The data is critical to devising a change-making community-specific outreach plan, complete with material, in-person engagements, and a well-informed boots-on-the-ground implementing team.

3) Keeping a long-term view of success

Across any change movement, there will be people who are innovators and early hand raisers. There will be fast followers, an early and late majority, and laggards.

In order to fully scope the time it will take to achieve the short term regenerative goals popping up, and create an environment that supports the continuous improvement on what sustainability and regenerative ag means across U.S. agriculture. We, as a group, need to be focusing on strategies that carry past supporting the innovators and early adopters through to methods that will touch the hearts and minds of the early and late majority, or the “moveable middle.” We must reiterate, restudy, and refresh our understanding of the funnel as the people move through the phases of decision making and implementation.

It is important to remember that there are so many factors beyond farmers’ control; from commodity prices, to ongoing consolidation that limits who they can buy from or sell their outputs to, to weather, pests, diseases and policies.

“Farming happens to be one of the more stressful occupations that people engage in in the United States,” said Sean Brotherson, professor and extension family science specialist North Dakota State University. “There’s research that suggests it’s consistently among the top 10 most stressful [and dangerous] occupations.”
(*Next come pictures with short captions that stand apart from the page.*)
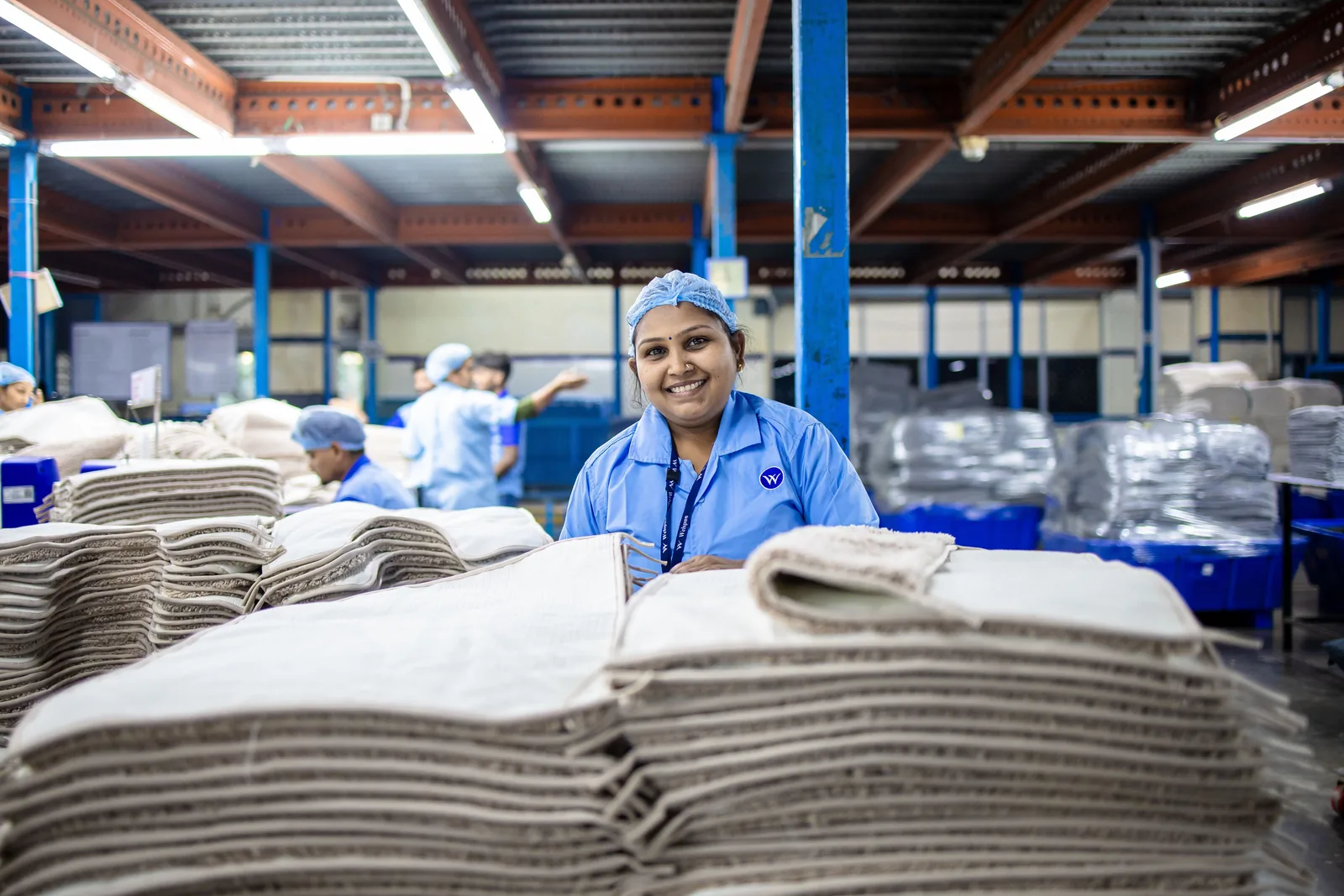 Employees working in a manufacturing environment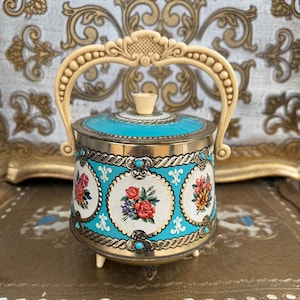 May include: Vintage metal container with a turquoise lid and floral designs. The container has a cream handle and feet, and is adorned with gold and turquoise accents. The floral designs include roses and other flowers.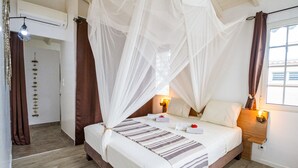 A bedroom with a bed, a bedside table, a nightstand, a window, and a door. - Villa Familiale Avec Piscine Privée à 5 Minutes de la Plage! (Sainte-Rose)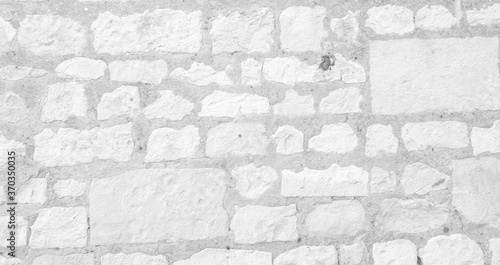 White texture of an old wall made of hewn stones - old vintage texture design - large image in high resolution 
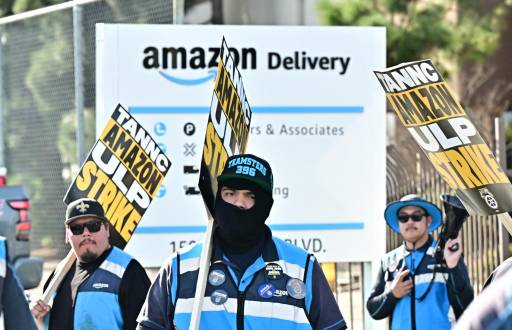 Trabajadores de Amazon caminan por la línea de piquete fuera de una instalación de Amazon en la ciudad de Industry, California.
Largely, farmers seem to recognize that change is needed. A recent Trust In Food study of the livestock industry that garnered more than 900 producer responses across more than 40 states found that 79% of producers say they should change production practices to meet consumer demands.

The pressure to change is clearly felt. Let’s do what we can to design outreach programs that effectively support the hearts and minds of farmers in their decision making as we strive towards sustainable goals together, recognizing that there’s so much that happens before a change takes place in a field.